• Exercise details
The copy you return must begin at the line containing "Dusty Blue &" and end at the final line of the listing below, with every picture left out.

*** Recorded data Section Begins ***

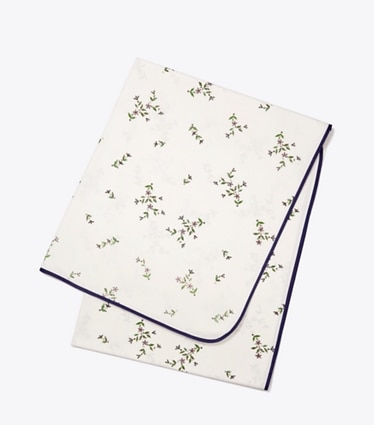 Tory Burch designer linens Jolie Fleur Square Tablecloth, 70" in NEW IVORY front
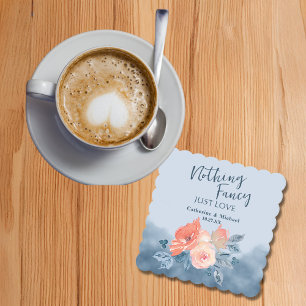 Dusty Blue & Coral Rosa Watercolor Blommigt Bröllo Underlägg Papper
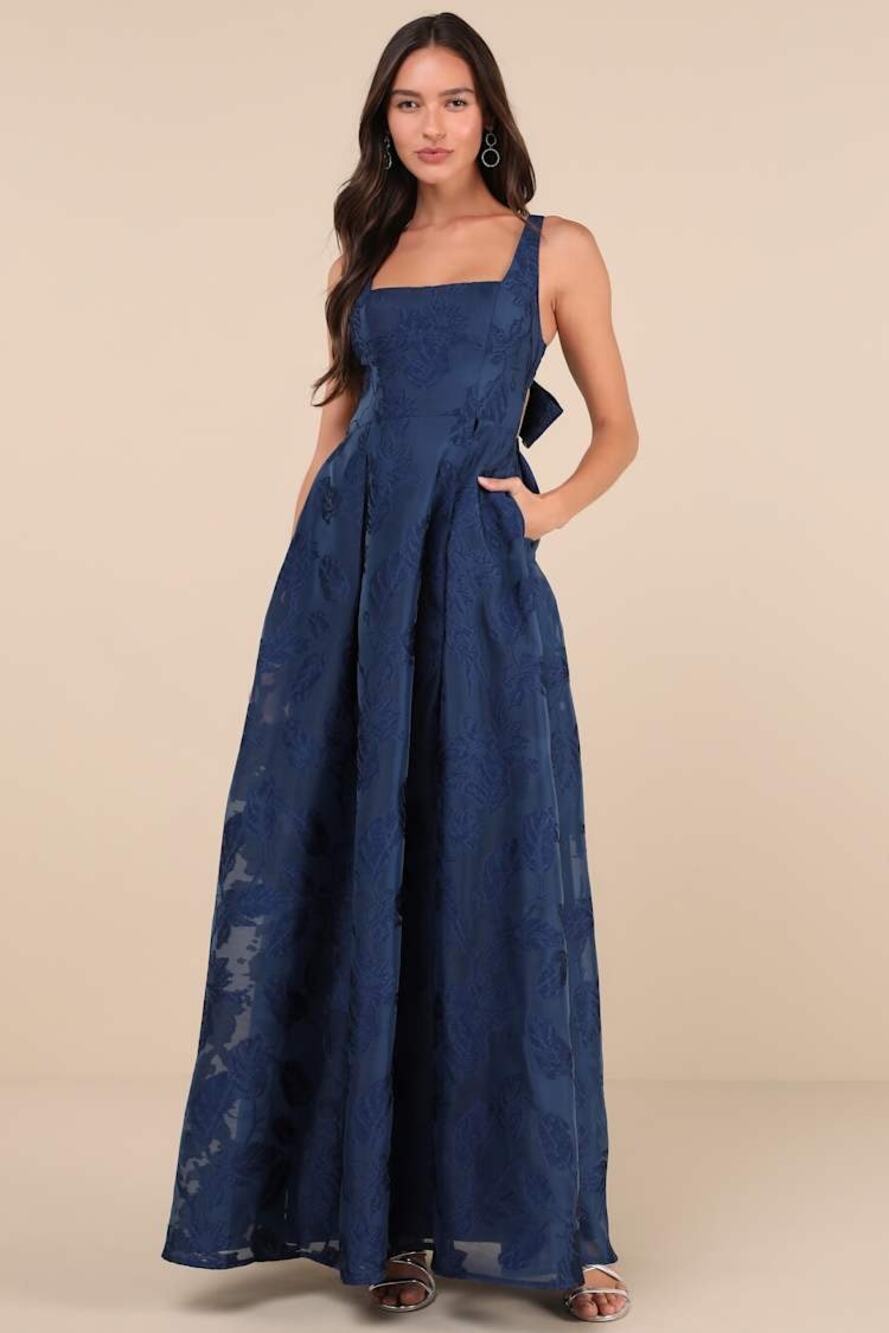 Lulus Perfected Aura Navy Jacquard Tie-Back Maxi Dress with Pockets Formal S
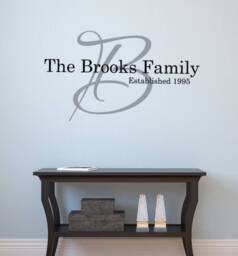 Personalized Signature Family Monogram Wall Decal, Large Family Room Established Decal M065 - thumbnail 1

*** Recorded data Section Ends ***

• Solved exercise
 Dusty Blue & Coral Rosa Watercolor Blommigt Bröllo Underlägg Papper
 Lulus Perfected Aura Navy Jacquard Tie-Back Maxi Dress with Pockets Formal S
 Personalized Signature Family Monogram Wall Decal, Large Family Room Established Decal M065 - thumbnail 1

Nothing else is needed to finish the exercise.